> WHAT THE EXERCISE ASKS: Reproduce the top of the data verbatim, through and including the line that contains "Oneplus Nord N300".
Start of RECORDS FOR THE EXERCISE
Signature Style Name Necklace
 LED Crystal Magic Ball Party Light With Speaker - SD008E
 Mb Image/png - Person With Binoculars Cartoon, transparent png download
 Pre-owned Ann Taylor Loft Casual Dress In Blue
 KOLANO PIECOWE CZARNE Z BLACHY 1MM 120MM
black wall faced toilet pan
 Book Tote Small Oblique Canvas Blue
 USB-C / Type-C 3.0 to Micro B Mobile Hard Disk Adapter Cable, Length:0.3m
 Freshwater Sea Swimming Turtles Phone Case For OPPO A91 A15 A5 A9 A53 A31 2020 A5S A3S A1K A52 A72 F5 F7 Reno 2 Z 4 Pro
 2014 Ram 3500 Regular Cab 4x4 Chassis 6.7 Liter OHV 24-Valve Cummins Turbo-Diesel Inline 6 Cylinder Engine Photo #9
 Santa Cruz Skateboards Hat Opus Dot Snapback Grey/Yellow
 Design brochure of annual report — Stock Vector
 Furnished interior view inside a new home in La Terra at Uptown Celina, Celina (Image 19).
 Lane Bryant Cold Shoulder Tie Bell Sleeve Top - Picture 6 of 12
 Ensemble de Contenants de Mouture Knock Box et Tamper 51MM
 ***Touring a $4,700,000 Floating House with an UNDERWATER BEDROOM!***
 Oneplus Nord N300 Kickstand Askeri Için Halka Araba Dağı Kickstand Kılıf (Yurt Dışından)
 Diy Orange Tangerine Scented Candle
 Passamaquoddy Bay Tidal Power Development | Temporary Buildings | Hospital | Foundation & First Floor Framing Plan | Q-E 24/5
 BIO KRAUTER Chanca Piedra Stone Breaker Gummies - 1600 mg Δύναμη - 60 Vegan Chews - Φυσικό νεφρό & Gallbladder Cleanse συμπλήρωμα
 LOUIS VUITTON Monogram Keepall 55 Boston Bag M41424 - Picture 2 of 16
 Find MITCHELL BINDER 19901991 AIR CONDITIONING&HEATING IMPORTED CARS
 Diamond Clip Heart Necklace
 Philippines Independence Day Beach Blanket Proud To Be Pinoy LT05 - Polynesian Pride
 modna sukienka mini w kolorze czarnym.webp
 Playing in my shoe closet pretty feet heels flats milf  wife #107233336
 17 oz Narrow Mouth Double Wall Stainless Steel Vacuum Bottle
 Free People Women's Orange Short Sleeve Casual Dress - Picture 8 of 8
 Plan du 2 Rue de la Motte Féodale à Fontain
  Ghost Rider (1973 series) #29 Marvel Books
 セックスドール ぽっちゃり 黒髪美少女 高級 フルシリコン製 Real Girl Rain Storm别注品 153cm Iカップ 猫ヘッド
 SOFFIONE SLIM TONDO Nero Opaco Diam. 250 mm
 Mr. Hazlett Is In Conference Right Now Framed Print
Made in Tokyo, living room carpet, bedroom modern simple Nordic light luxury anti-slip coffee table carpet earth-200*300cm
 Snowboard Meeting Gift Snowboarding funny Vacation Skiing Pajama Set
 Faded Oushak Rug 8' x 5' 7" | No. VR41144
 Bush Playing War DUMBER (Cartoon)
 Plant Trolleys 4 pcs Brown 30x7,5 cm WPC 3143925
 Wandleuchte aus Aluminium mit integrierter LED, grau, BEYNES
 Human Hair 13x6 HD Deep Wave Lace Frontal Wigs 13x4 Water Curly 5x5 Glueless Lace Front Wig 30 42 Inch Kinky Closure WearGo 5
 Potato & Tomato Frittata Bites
End of RECORDS FOR THE EXERCISE
> ANSWER SECTION:
Signature Style Name Necklace
 LED Crystal Magic Ball Party Light With Speaker - SD008E
 Mb Image/png - Person With Binoculars Cartoon, transparent png download
 Pre-owned Ann Taylor Loft Casual Dress In Blue
 KOLANO PIECOWE CZARNE Z BLACHY 1MM 120MM
black wall faced toilet pan
 Book Tote Small Oblique Canvas Blue
 USB-C / Type-C 3.0 to Micro B Mobile Hard Disk Adapter Cable, Length:0.3m
 Freshwater Sea Swimming Turtles Phone Case For OPPO A91 A15 A5 A9 A53 A31 2020 A5S A3S A1K A52 A72 F5 F7 Reno 2 Z 4 Pro
 2014 Ram 3500 Regular Cab 4x4 Chassis 6.7 Liter OHV 24-Valve Cummins Turbo-Diesel Inline 6 Cylinder Engine Photo #9
 Santa Cruz Skateboards Hat Opus Dot Snapback Grey/Yellow
 Design brochure of annual report — Stock Vector
 Furnished interior view inside a new home in La Terra at Uptown Celina, Celina (Image 19).
 Lane Bryant Cold Shoulder Tie Bell Sleeve Top - Picture 6 of 12
 Ensemble de Contenants de Mouture Knock Box et Tamper 51MM
 ***Touring a $4,700,000 Floating House with an UNDERWATER BEDROOM!***
 Oneplus Nord N300 Kickstand Askeri Için Halka Araba Dağı Kickstand Kılıf (Yurt Dışından)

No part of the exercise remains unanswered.